I know I'm not supposed to ask that. And I am certainly not claiming that all people who speak in tongues are faking; how would I know? But sweeping any problem under the rug only makes it worse, and I suspect that this one has become a sizeable problem.

Here are some things I have noticed:
  1. I personally know someone who admits she faked speaking in tongues to "get along" in a Pentecostal setting;
  2. This same person was not intending to "fake it" but, when the leader saw she did not speak in tongues, the leader took it upon himself to privately coach her into speaking in tongues;
  3. I found out that this was not exactly a one-of-a-kind incident when I read this post mentioning a Pentecostal leader coaching people into speaking in tongues at an entirely different time, place, and setting.
  4. Adrian Warnock (who would likely disagree with this post, btw) recently mentioned that one draw to "spiritual gifts" is as an answer to the question his Calvinism simply cannot answer: "But, the question remains, how can I KNOW that I am one of the chosen ones?" In response, I suppose a true gift of tongues would settle the question of whether you have the Holy Spirit; but it also tremendously increases the pressure to "fake it" if you believe you have no evidence of your own salvation outside of this.
Consider this quote from the above-linked post by Paul Whiting (who, by the way, is still noticeably fond of the Pentecostal movement)
Unfortunately, my conversion-initiation didn’t follow the script the Pentecostal church I went to expected of me: I didn’t pray in tongues. So to remedy that defect, a church leader took me to a room behind the baptismal font and told me to repeat "she blah blah blah" after him until it "flowed naturally." I couldn’t do it.
Because those who do not speak in tongues are typically seen as less spiritual -- some will dispute even the salvation of those who do not speak in tongues -- the pressure to pray in tongues is substantial. The fact that the leadership was involved in both these cases makes me wonder if this is a systematic problem. The fact that privacy was involved in both these cases makes me think that it happens to far more people than is generally realized. To me, all of this at least suggests the possibility that there is a large amount of faking going on, and that it is kept quiet. And again the fact that modern "speaking in tongues" bears a striking resemblance to babbling also lends to this suspicion. Based on off-the-record conversations, I have reason to believe the problem is widespread.

I am not a "cessationist" in that I'm sure God will give what gifts He wants when, where, how, and to whom He pleases. Neither am I any kind of anti-Pentecostal. But as Christians, it falls to us to clean up our own houses before we evangelize. What do you say, Pentecostals? Ever heard of anybody faking? Did someone coach you the first time? Ever feel pressured to do the "tongues" thing? Ever doubt the reality of the gift? Or have you always been completely sure of its reality in your life?

Update: Related post on people who have tested the tongues and translations, or admitted they were faking.

9 comments:

Chris HH said...

Hi, I'm a first time visitor to your blog, and although I am charismatic and speak in tongues, I do not attend a church in the Pentecostal denomination.
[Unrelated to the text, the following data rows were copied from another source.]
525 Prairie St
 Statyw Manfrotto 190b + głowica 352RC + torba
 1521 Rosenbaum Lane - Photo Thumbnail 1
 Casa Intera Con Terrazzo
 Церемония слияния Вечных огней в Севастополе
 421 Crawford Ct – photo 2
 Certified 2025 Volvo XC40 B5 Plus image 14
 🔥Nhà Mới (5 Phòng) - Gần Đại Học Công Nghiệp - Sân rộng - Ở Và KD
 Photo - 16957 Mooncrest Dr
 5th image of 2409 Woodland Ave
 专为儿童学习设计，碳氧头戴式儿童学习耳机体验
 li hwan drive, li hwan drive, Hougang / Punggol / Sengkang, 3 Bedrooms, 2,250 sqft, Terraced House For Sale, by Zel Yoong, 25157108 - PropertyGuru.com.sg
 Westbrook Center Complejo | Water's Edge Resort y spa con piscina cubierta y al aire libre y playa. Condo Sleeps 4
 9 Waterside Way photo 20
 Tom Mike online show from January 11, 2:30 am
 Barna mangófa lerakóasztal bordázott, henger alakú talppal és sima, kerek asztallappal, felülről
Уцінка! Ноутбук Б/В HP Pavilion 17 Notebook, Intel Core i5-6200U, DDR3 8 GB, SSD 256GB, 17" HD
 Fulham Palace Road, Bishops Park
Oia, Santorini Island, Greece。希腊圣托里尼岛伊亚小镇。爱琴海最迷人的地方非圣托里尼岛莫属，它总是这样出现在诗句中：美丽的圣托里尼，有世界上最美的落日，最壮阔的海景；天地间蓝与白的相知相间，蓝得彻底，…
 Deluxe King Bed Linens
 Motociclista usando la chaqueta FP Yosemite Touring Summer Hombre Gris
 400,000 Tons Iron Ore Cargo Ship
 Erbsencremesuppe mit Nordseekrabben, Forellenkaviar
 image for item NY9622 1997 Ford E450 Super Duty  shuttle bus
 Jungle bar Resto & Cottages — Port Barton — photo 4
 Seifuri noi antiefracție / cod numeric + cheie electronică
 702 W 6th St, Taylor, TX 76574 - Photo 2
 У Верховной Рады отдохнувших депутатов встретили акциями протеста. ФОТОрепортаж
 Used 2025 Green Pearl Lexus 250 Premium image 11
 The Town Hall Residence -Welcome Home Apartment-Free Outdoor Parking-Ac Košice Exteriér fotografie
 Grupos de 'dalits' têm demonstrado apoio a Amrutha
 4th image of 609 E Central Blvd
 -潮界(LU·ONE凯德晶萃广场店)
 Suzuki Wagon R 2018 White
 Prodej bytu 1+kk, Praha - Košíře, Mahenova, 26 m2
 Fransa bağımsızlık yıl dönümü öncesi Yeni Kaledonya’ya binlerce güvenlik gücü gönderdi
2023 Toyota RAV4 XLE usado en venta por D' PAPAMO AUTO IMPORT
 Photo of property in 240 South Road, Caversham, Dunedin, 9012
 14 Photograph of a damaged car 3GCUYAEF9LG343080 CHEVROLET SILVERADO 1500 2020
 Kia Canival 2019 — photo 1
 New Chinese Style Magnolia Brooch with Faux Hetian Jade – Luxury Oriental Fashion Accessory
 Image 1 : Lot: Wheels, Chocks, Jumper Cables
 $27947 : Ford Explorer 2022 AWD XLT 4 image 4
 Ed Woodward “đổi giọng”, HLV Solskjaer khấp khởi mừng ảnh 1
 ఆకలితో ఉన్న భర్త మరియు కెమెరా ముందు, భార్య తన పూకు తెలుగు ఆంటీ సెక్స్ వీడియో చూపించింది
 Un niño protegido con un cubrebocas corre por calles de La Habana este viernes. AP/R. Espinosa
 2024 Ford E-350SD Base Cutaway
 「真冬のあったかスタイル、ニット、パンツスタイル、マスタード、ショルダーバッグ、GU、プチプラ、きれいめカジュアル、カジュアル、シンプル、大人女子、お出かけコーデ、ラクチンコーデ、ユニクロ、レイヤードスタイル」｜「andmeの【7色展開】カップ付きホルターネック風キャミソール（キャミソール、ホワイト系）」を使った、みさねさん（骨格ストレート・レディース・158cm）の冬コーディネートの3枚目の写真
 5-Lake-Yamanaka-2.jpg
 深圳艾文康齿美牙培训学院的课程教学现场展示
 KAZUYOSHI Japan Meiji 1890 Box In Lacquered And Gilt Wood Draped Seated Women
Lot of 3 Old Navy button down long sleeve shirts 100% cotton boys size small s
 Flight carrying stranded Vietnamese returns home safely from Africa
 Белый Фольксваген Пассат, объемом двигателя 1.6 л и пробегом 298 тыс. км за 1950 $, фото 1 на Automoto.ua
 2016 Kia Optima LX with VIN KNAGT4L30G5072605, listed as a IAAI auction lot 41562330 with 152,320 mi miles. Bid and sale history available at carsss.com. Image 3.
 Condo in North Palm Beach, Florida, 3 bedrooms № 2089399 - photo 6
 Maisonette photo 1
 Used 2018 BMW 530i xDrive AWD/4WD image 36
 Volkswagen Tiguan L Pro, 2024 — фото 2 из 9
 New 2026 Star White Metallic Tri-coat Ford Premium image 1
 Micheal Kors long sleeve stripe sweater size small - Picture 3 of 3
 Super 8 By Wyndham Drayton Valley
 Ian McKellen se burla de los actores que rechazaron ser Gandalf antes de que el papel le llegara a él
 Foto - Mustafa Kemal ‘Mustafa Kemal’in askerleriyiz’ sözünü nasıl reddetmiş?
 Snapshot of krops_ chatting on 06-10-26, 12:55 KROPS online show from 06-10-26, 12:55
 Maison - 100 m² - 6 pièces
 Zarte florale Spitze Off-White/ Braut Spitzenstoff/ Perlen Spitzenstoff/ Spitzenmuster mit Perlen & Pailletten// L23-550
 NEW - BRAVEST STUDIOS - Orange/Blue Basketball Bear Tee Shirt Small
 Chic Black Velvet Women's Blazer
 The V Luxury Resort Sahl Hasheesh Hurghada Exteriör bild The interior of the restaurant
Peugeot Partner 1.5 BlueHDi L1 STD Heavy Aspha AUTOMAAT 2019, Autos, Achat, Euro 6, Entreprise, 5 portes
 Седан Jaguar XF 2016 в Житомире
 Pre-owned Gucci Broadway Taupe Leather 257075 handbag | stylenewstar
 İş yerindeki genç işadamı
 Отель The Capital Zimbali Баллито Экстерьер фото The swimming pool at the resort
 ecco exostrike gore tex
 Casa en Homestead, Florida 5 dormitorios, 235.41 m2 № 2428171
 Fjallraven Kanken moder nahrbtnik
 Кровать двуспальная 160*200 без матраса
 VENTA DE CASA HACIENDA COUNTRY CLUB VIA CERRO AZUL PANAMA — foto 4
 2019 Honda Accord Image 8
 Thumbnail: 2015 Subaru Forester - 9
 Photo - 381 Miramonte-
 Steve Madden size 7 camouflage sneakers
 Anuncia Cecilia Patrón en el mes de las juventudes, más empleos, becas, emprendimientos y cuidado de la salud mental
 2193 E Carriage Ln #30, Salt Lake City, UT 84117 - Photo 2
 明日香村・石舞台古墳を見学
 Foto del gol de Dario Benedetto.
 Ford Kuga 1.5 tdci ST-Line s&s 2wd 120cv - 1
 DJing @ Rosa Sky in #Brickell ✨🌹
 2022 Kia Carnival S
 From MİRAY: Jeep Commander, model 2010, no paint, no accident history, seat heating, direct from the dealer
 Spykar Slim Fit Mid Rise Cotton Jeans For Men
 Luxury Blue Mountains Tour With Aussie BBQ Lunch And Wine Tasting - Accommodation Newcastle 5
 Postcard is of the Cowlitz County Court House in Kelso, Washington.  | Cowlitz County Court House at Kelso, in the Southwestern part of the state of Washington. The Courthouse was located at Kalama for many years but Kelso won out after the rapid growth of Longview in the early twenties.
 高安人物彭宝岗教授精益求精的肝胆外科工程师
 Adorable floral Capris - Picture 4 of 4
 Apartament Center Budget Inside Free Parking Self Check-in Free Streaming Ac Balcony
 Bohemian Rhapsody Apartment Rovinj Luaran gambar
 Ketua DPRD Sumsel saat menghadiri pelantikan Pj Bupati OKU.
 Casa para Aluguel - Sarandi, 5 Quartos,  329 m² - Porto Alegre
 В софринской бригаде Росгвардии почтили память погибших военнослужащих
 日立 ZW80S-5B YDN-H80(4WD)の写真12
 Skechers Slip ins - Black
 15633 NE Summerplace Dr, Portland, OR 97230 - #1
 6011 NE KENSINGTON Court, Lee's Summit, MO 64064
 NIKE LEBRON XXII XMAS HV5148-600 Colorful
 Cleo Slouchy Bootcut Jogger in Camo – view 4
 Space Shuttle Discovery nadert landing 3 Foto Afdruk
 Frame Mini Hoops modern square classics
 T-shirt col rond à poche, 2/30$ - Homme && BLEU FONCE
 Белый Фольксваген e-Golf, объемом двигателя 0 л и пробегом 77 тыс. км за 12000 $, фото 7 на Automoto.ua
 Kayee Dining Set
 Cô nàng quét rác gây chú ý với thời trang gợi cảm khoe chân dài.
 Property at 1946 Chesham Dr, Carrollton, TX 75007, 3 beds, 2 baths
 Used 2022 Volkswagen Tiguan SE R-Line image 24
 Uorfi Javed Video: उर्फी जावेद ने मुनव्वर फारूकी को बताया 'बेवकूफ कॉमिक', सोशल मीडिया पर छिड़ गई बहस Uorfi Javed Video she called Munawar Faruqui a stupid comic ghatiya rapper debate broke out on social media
I hope you will indulge my comments nevertheless.

You have raised some good questions and some valid concerns. I think these erroneous and worrisome practises arise from the following errors.

1) The gifts should never be used as a sign that someone is saved!

I personally was a Christian for 9 years prior to speaking in tongues, and I never doubted my salvation once. Our confidence is in the word of God. If you believe in your heart, and confess with your mouth, you shall be saved.

2) The gifts should never be used to measure someone's spirituality

The gifts are just that: gifts. Unmerited expressions of God's grace distributed according to his will. They are not earned. It is by a man's fruit that we judge him. This is obvious from 1Co 13, where if you speak in tongues but do not have love (the first fruit of the Spirit) you are just making noise.

3) The gifts are tools not trophies.

Speaking in tongues is a gift God gives us to build ourselves up in faith. We operate in a realm of the Spirit that exercises faith and bypasses the doubts of the mind. It is not a badge that says we have joined the charismatic club.

If these facts were grasped correctly, I think it would go a long way to ease the pressure on those receiving and those ministering to feel they have to obtain a "result". Fake tongue speaking doesn't help anyone, and just gives extra fuel to the cessastionists.

I'm glad to say that in my circles, I have not come across anyone who has felt the need to fake it. Genuine tongue speaking and powerful baptisms in the Holy Spirit are common enough that I think people genuinely want the real deal, and would rather come back again for more prayer than fake it to please anyone.

I have sometimes wondered about some who only seem to have a handful of words they say over and over - but (like you say) who am I to judge? And if it is not genuine then I certainly don't believe they are deliberately faking.

My own experience of tongue speaking came neither by coaching or by laying on of hands, but as I was seeking God in prayer on my own. It was an experience I can best describe like a cork popping out of a champagne bottle. Not that I couldn't help but speak in tongues, but something stirred up within me so strongly that I had to let it out.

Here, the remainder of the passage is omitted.